* [Task item]: Can you transcribe the data exactly? Leave the pictures out.

* [Extracted entries]:
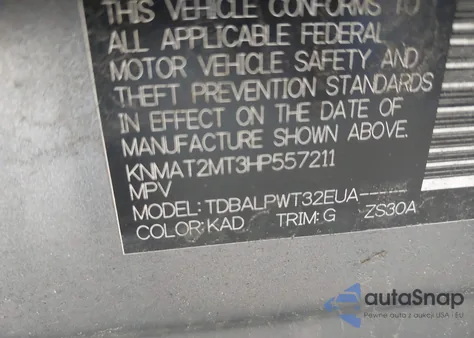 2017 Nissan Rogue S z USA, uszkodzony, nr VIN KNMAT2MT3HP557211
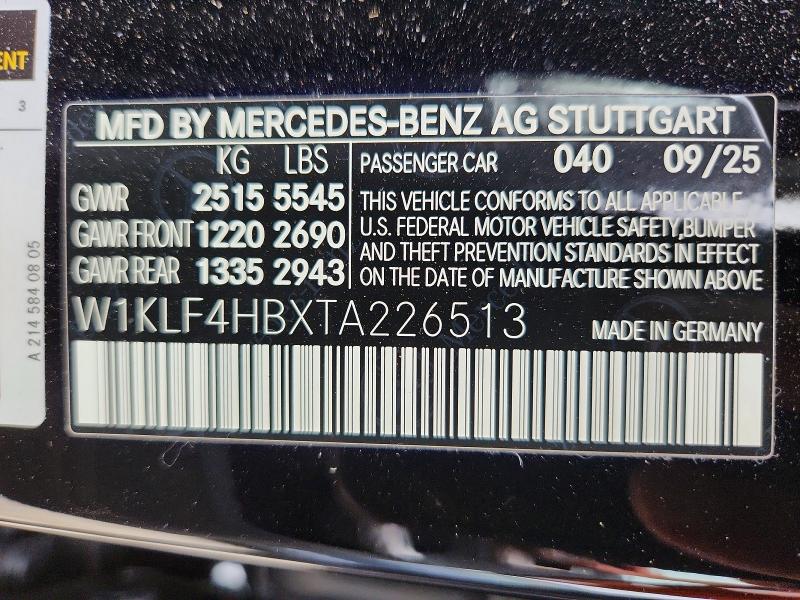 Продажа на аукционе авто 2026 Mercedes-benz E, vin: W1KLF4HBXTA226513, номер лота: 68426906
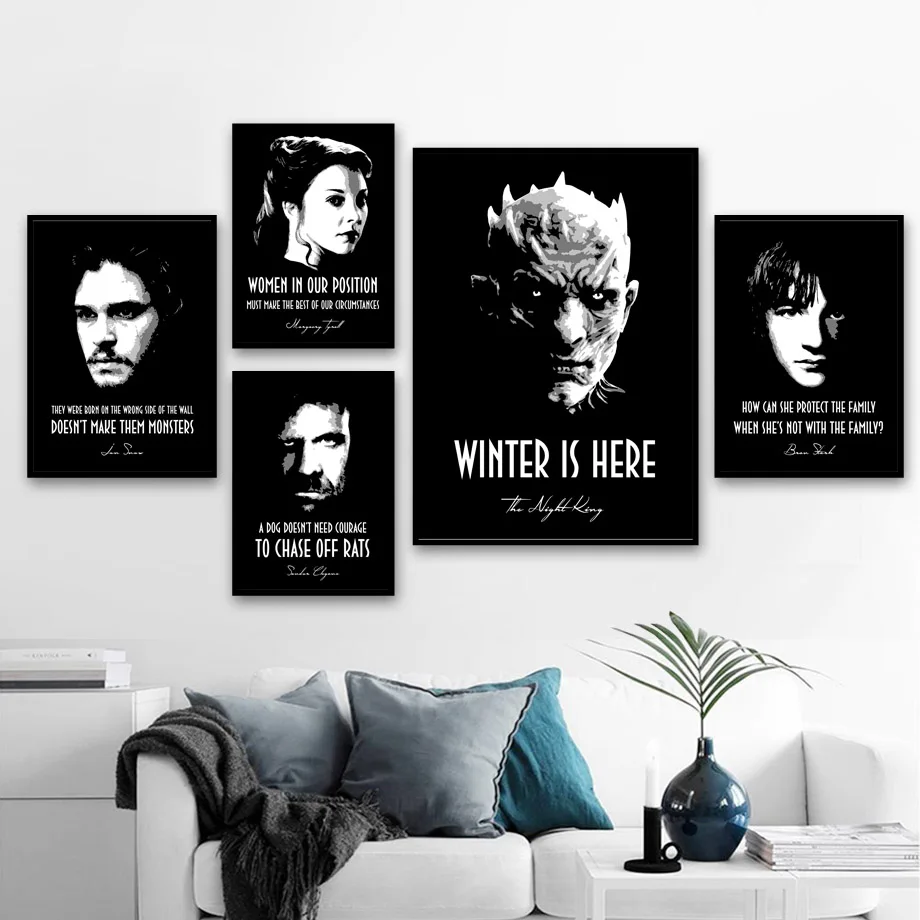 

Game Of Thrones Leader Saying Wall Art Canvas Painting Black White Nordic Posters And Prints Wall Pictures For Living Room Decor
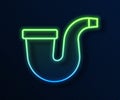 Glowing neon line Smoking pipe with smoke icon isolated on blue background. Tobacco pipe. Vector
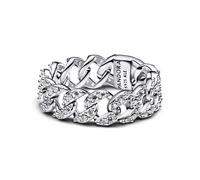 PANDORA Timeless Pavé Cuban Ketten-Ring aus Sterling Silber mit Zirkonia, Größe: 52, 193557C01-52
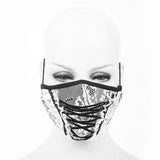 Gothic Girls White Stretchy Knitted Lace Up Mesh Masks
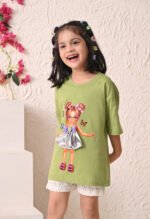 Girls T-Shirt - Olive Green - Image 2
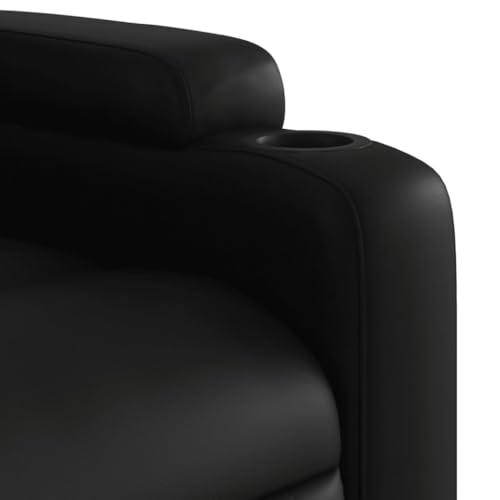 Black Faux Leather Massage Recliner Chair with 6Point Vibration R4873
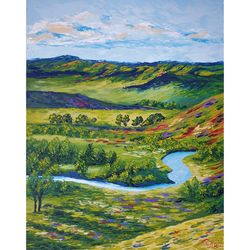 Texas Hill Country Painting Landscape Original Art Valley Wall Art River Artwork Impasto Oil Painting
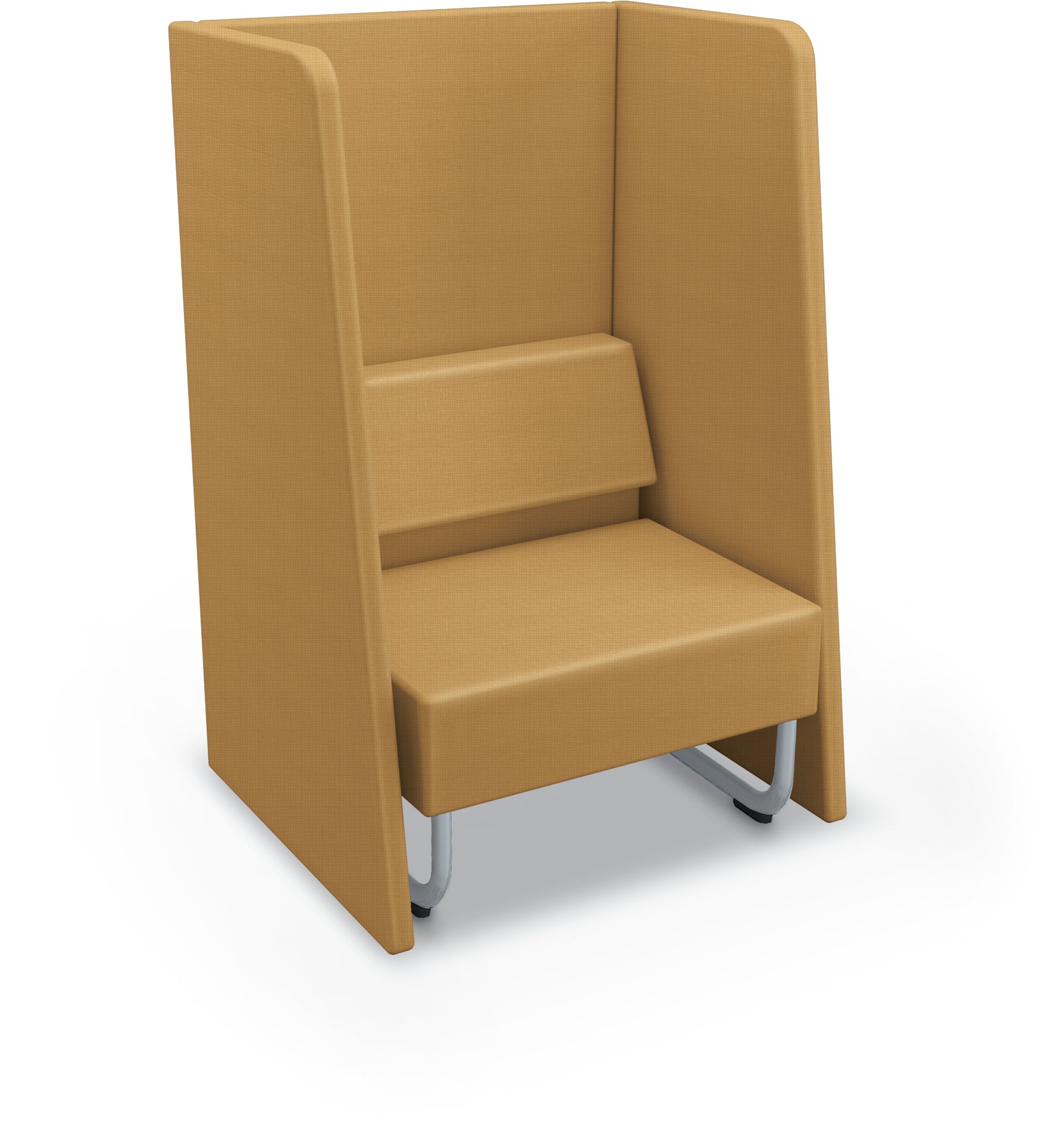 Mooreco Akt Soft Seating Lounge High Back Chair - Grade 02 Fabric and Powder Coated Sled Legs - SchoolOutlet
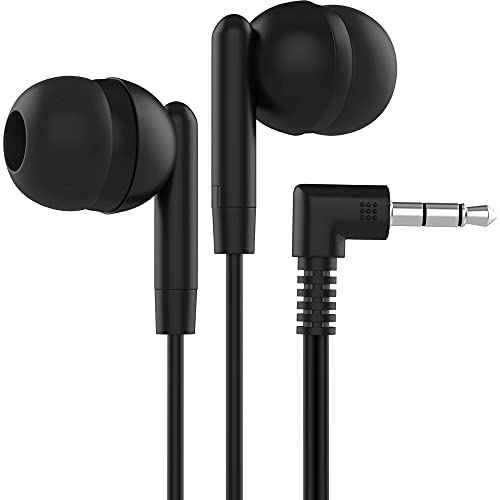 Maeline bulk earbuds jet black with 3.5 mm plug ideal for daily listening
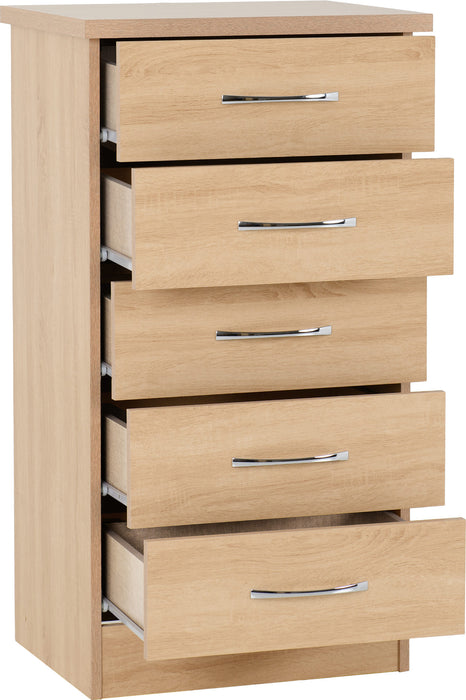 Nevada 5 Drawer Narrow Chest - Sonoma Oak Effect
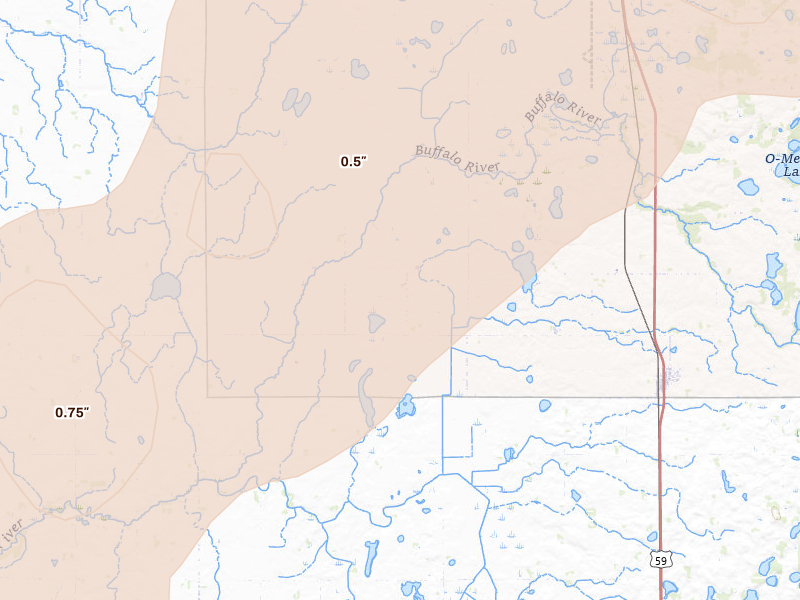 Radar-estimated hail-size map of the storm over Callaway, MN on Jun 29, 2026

* [The answer]:
 2017 Nissan Rogue S z USA, uszkodzony, nr VIN KNMAT2MT3HP557211
 Продажа на аукционе авто 2026 Mercedes-benz E, vin: W1KLF4HBXTA226513, номер лота: 68426906

Game Of Thrones Leader Saying Wall Art Canvas Painting Black White Nordic Posters And Prints Wall Pictures For Living Room Decor
 Glowing neon line Smoking pipe with smoke icon isolated on blue background. Tobacco pipe. Vector
 PANDORA Timeless Pavé Cuban Ketten-Ring aus Sterling Silber mit Zirkonia, Größe: 52, 193557C01-52
 Gothic Girls White Stretchy Knitted Lace Up Mesh Masks
 Girls T-Shirt - Olive Green - Image 2
 Black Faux Leather Massage Recliner Chair with 6Point Vibration R4873
 Texas Hill Country Painting Landscape Original Art Valley Wall Art River Artwork Impasto Oil Painting
 Mooreco Akt Soft Seating Lounge High Back Chair - Grade 02 Fabric and Powder Coated Sled Legs - SchoolOutlet
 Maeline bulk earbuds jet black with 3.5 mm plug ideal for daily listening
 Nevada 5 Drawer Narrow Chest - Sonoma Oak Effect
 Radar-estimated hail-size map of the storm over Callaway, MN on Jun 29, 2026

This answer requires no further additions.